Some of my favorite 300-calorie fuel packs include: a Kind bar plus a half-bottle of Skratch Labs, half of a peanut butter and banana sandwich, a half-cup of trail mix or dried fruit such as dates.
How will you carry all of this fuel? Most cycling shirts have great back pockets that make it easy to store fuel. I have also fallen in love with the biking Bento box. The Bento box is a nylon pouch that sits just behind your stem, making it easy and safe to eat from the saddle.
If you are less inclined to bring fuel with you on the bike, plan ahead to stop along the ride.

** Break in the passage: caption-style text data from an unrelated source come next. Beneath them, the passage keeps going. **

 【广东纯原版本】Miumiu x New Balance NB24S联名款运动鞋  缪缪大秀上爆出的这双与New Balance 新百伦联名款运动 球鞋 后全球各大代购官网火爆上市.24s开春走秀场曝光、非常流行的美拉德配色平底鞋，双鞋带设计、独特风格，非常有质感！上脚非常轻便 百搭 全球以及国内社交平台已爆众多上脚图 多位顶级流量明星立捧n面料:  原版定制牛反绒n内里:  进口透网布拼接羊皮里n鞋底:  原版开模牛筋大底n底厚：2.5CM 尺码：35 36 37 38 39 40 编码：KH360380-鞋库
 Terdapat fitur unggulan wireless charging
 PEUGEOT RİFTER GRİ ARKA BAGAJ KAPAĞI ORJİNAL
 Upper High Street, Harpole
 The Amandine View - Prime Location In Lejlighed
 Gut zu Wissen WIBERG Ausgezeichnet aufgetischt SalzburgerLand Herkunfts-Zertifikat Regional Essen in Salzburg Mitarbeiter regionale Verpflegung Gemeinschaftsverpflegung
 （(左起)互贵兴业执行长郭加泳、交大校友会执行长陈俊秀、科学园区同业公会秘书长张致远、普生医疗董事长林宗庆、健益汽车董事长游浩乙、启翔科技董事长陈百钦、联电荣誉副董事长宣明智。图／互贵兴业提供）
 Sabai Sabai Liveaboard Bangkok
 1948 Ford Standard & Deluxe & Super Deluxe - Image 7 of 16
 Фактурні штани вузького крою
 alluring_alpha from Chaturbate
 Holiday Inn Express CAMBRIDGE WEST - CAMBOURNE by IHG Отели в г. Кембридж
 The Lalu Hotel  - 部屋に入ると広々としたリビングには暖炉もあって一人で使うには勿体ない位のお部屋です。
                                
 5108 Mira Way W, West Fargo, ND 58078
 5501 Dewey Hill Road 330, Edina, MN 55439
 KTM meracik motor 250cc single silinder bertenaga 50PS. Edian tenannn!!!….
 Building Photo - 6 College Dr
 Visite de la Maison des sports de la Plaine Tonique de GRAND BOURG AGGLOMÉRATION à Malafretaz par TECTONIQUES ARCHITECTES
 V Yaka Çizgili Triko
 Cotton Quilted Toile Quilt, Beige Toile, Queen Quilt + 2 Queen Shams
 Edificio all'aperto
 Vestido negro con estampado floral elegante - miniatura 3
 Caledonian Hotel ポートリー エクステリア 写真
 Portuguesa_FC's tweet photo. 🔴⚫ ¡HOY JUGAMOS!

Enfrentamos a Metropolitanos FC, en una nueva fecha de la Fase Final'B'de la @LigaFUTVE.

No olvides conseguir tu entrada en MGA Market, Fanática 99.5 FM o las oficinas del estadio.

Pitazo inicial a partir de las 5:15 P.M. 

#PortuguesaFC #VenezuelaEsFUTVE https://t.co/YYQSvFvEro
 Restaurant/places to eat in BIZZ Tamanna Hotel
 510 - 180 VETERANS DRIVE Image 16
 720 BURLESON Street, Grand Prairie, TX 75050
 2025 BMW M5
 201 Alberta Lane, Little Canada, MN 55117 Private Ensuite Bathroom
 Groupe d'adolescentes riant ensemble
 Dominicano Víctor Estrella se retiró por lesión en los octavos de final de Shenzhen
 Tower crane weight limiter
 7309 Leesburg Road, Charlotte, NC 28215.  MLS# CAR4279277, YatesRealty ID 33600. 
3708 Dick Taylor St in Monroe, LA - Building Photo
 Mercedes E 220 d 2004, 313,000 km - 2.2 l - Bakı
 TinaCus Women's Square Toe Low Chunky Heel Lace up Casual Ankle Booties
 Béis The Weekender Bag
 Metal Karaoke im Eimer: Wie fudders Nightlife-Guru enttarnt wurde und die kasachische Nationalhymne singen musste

Where are the gas stations, convenience stores or favorite latte shops along your route?
No matter how you fuel, a nutrition plan is the safest and best way to make sure that you not only don’t bonk on your ride, but also really maximize your performance as an athlete.
If you are really going the distance, and training for a ride of some distance — such as a half-century, a century or a brevet — I would highly recommend consulting with a dietitian with a specialization in sports nutrition for a fueling and hydration plan that considers your daily needs in the months and weeks leading up to the event in addition to your specific needs to fuel your ride.
If you are not hitting the road this summer on your bike, these smart fueling practices likely still apply to you. From team sports to endurance athletes of all ages and competitive abilities, proper nutrition enhances performance and athletic enjoyment.